### Extracted data

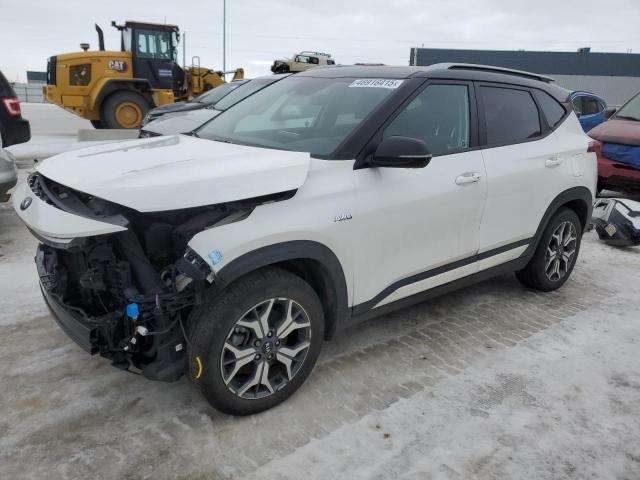 2021 Kia Seltos Ex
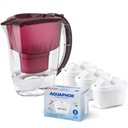 Filtračná nádoba Aquaphor Amethyst 2,8 l + 3 filtre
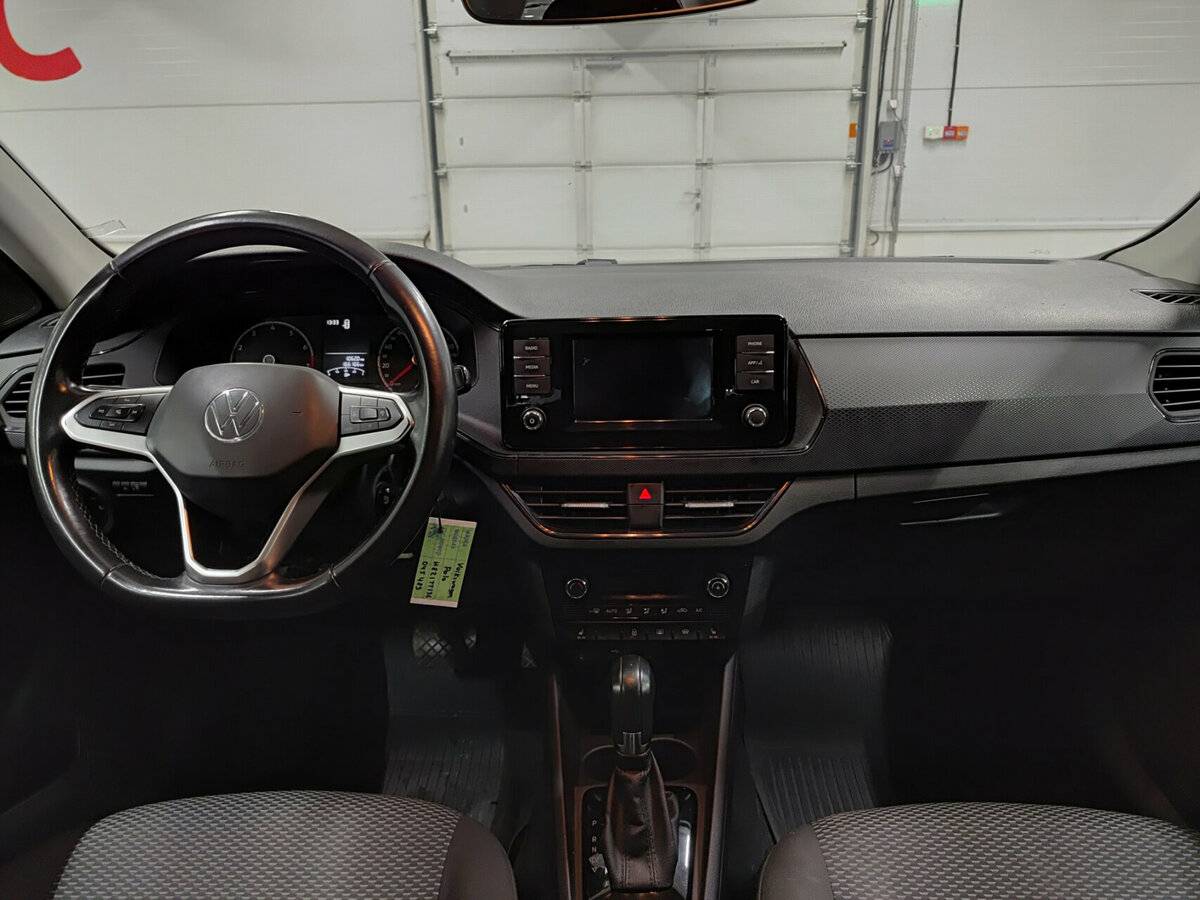 Купить Volkswagen Polo с пробегом. Фото: #13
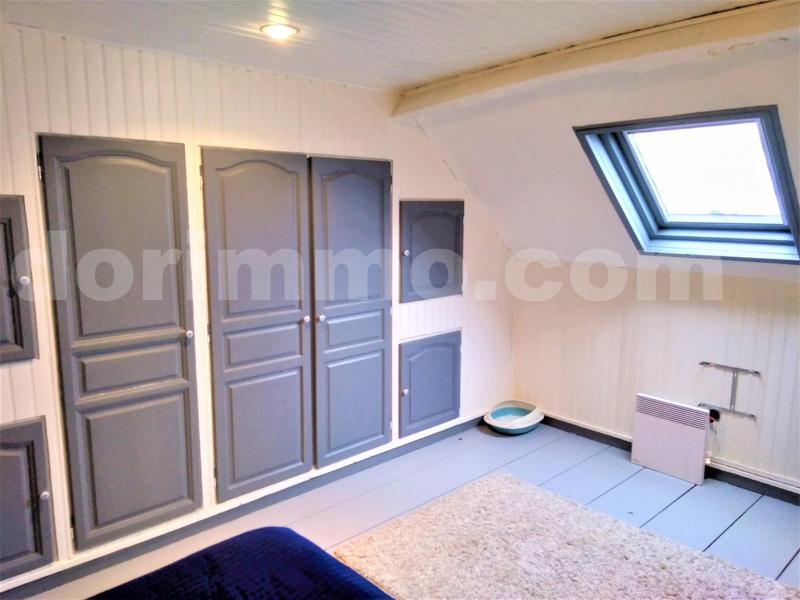 Maison ancienne - 98 m² - 5 pièces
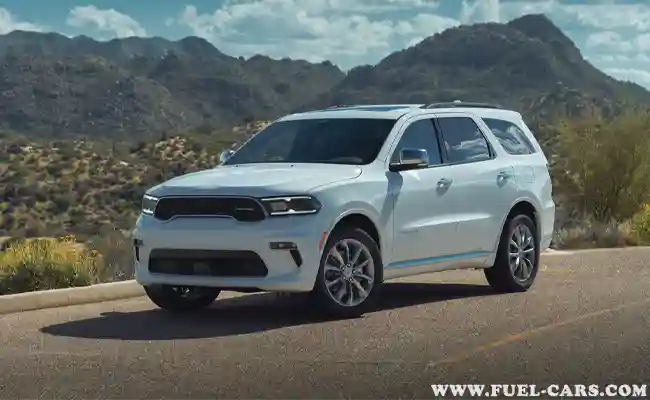 Dodge Durango (2021)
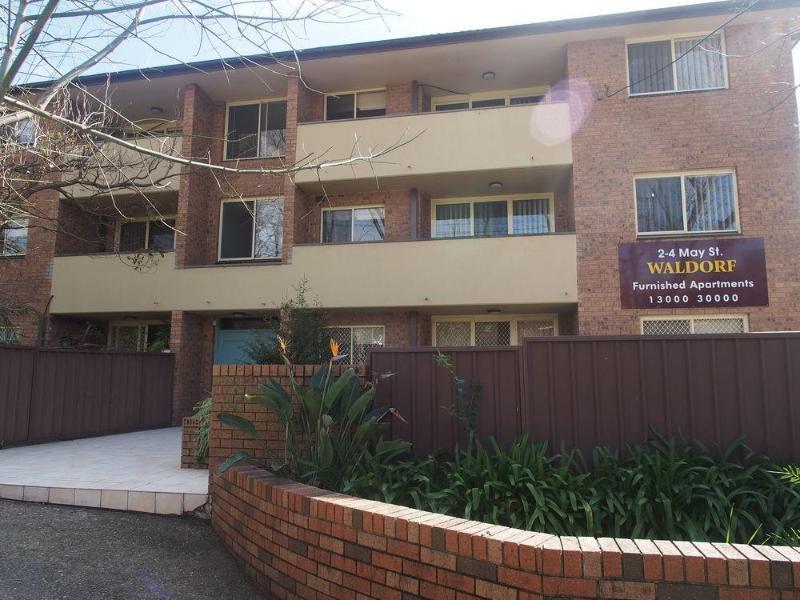 Waldorf Eastwood Residential Aparthotel Sydney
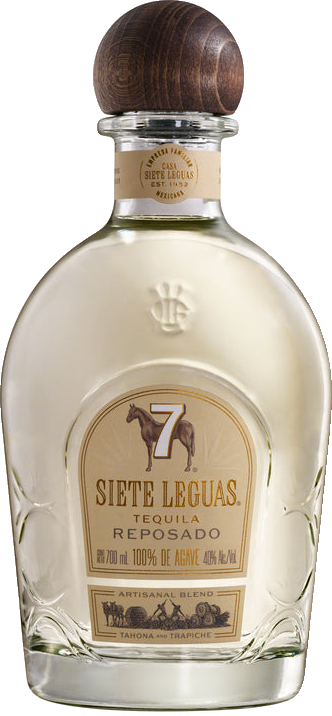 Siete Leguas Reposado 750ml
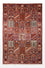Alfombra persa - Nómada - 310 x 208 cm - multicolor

### Prompt
Your answer should set down the listing verbatim and leave out its images.

### Answer to the problem
 2021 Kia Seltos Ex
 Filtračná nádoba Aquaphor Amethyst 2,8 l + 3 filtre
 Купить Volkswagen Polo с пробегом. Фото: #13
 Maison ancienne - 98 m² - 5 pièces
 Dodge Durango (2021)
 Waldorf Eastwood Residential Aparthotel Sydney
 Siete Leguas Reposado 750ml
Alfombra persa - Nómada - 310 x 208 cm - multicolor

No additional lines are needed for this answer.